Before we start to look at some specific Morfa features, it is good to keep in mind that some general design principles of the language are helpful when it comes to natural DSL programming:

  • static typing - it proves to be very useful when coding an elaborate DSL syntax. The main goal is to have any incorrect DSL-code non-compilable and the type system comes to our aid in this
  • small amount of built-in syntax - ., :, ;, " and , are the few non-overloadable "operator-like" entities in Morfa. The rest can be (almost) completely freely customized. The general rule is that re-definition of built-in operator behavior is not allowed, for example the "call" operator () cannot be re-defined on func types, "index" operator [] cannot be re-defined on arrays and binary + cannot be re-defined on integers.

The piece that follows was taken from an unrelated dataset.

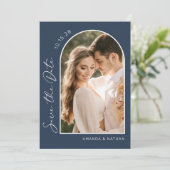 Save The Date Photo Simple Elegant Mariage bleu marine (Debout devant)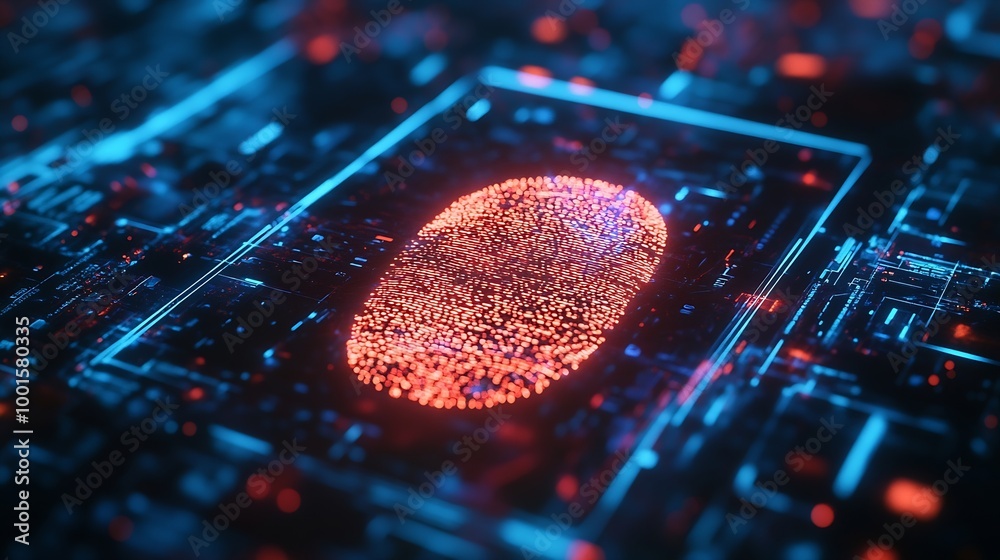 Aufkleber Fingerprint scan provides security access with biometrics identificationFuturistic Technology in smart business high efficiency using ai artificial intelligenceRPA5gbig dataiotvrmixed  : Generative AI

On the other hand, if you find that sometimes Morfa is too verbose or keyword-abundant for a DSL-oriented language, note that this is a sort of a trade-off - it makes "non-DSL" parts like new, class, func, return etc. stand out and remain readable.

Language features to use

Operator overloading and user-defined operators

Overloading existing operators for user-defined types is the most basic tool for the DSL creation:

public func +(l: SomeType, r: SomeType): SomeType;
public func in(l: SomeInLHS, r: SomeInRHS): bool;
public func $()(c: SomeCallableLikeType, args: SomeArgumentType[]...): SomeReturnType;
public func $[]=(storage: SomeStorageType, newValue: Something, index: Somewhere): void;

and so on.

User-defined operators come in handy when we leave the world of built-in operators, which happens relatively quick in Morfa:

public operator ^
{
    kind = infix,
    precedence = not
}
public func powInt(l: int, r: int): int;
public alias ^ = powInt;

Another common scenario of user-defined operators is providing a new keyword-like identifier which gives the DSL a natural feel:

public operator take_action_with
{
    kind = prefix,
    precedence = assign
}
public func take_action_with(a: Actionable): void {}

To be next used like:

take_action_with new Actionable;

Quoting operators

More exotic case of user-defined operator declaration are quoting operators:

public operator '
{
    kind = prefix,
    precedence = max,
    quoting = right
}
public func '(s: text): SomeResult
{
    return SomeResult();
}

and then:

var result = 'this_will_be_quoted;

The quoting = right property makes the ' operator act as if it decorated an identifier standing to the right with double-quotes "" - note that the func ' trades in a text argument.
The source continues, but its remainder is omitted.